When investing offshore makes sense
Many South Africans have a habit of watching the exchange rate. Every time the rand takes a dip – tickling R15 to the US dollar, wobbling at R18 to the euro or getting anywhere near R20 to the UK pound – there’s a natural temptation to want to take your money and your investments overseas.
However, moving money offshore shouldn’t be the result of a reaction to short-term changes in the local environment, such as a sudden depreciation of the rand. Pieter Hugo, MD of Prudential Unit Trusts, points out that: “offshore exposure should be driven by your own investment goals and how best to achieve them within a longer-term financial plan”. He adds that having some international exposure in a portfolio has been proven to be beneficial for almost all long-term investors, since offshore investments add valuable diversification benefits, and enhance your opportunities for better returns.
This makes sense given that South Africa makes up not even 0.5% of the total market value of all globally listed shares – suggesting that there is significantly more opportunity internationally. But what exactly are your options? Do you have to invest in foreign currency or can you invest in rands? And where does your money actually go?
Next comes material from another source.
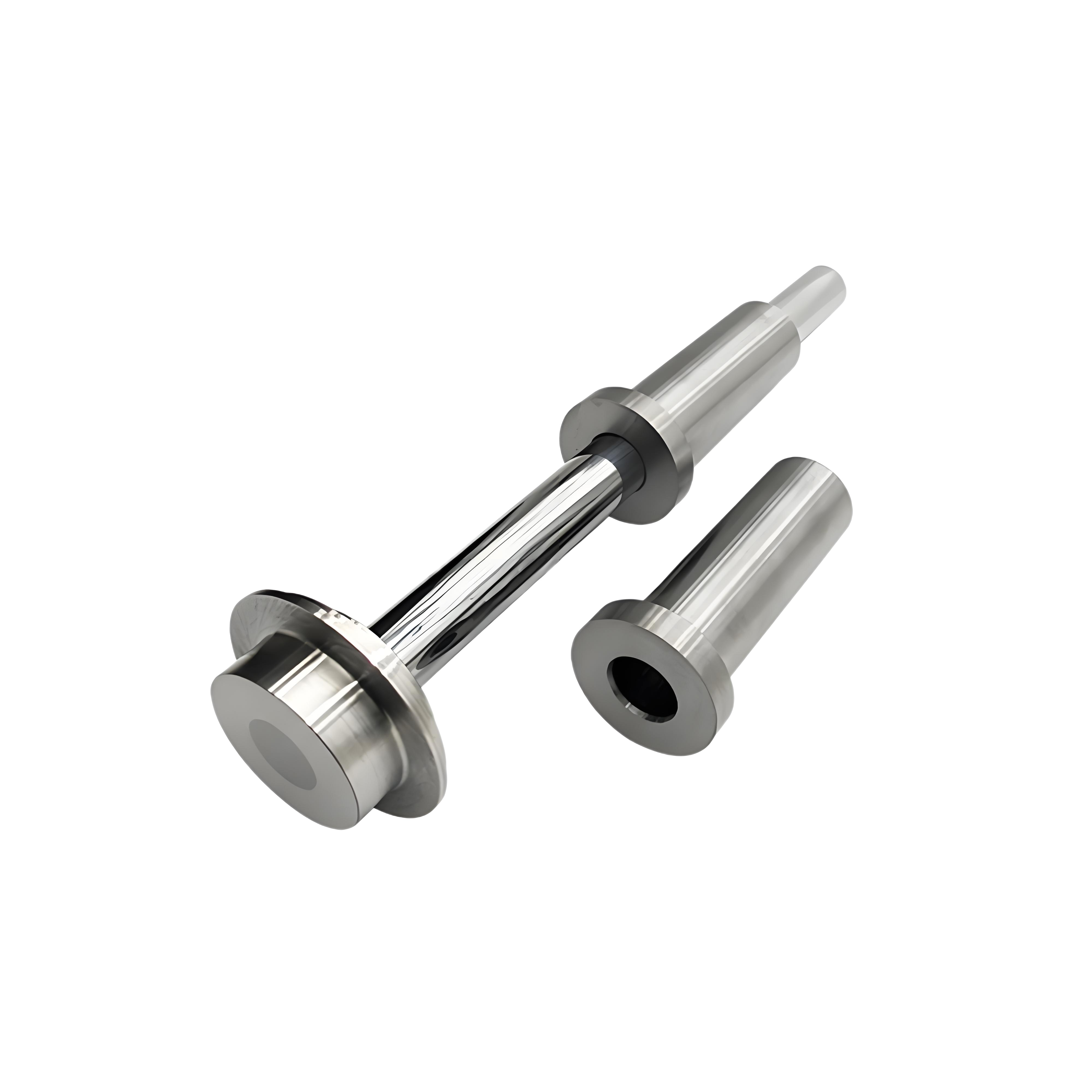 High Pression Tungsten Carbide Plunger for High Pressure Pump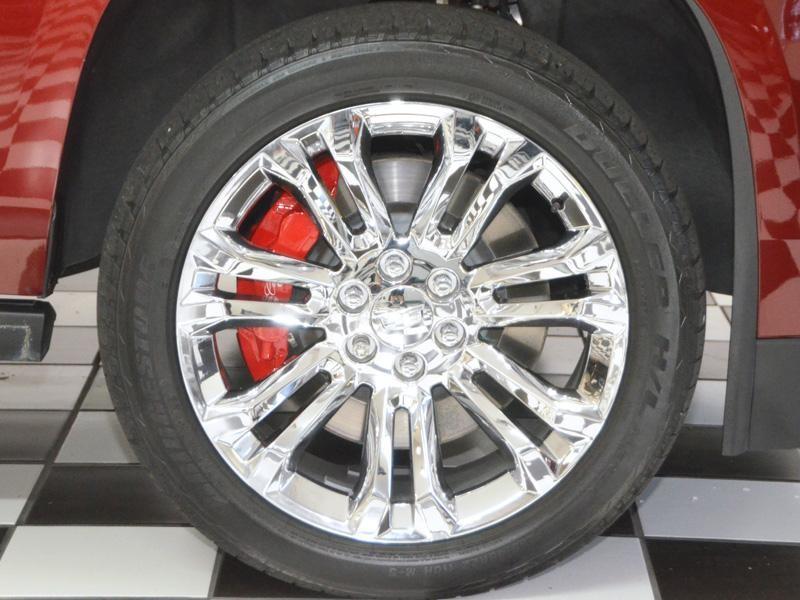 Cadillac Escalade Premium Luxury 4Wd With / Lpo *4Wd*Radiant &Amp; Performance Brake Pkgs* 20,700 Mi* - Thumbnail 14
In terms of gaining offshore exposure through unit trusts, you have two basic options: investing directly in foreign currency or indirectly through rand-denominated funds.
Investing directly in foreign currency requires you to physically take your money offshore. You’ll need to open an overseas bank account, go through exchange controls, get a tax-clearance certificate from SARS, and send your rands overseas into the foreign currency funds of your choice. These types of funds usually have higher investment minimums than rand-denominated funds and tend to prefer lump-sum payments, rather than regular debit orders. Also, you will need to remember to comply with the legislated exchange control limits: South Africans are allowed to take R1 million out of the country every calendar year without a tax-clearance certificate or R10 million a year with tax clearance.
The second option lets you invest in such a way that your money never physically leaves South Africa, but your investment and currency exposure is still offshore. This can be tricky for new investors to get their heads around: basically, you invest in rands and get paid out in rands (into your local bank account), but your unit trust management company invests that money offshore (usually into another fund or a combination of different offshore funds). There’s no need for you to worry about buying foreign currency or getting a tax-clearance certificate. Another benefit is that you’re usually able to set up regular debit orders.
Prudential offers a range of offshore investments, Prudential Global Funds: we have four US dollar-denominated funds which are managed by our London-based parent company, M&G Investments, and four rand-denominated funds which invest directly into these offshore funds. With each of these options, you’ll get exposure to a whole new world of investment opportunities – allowing you to diversify your portfolio and expand your investment horizons.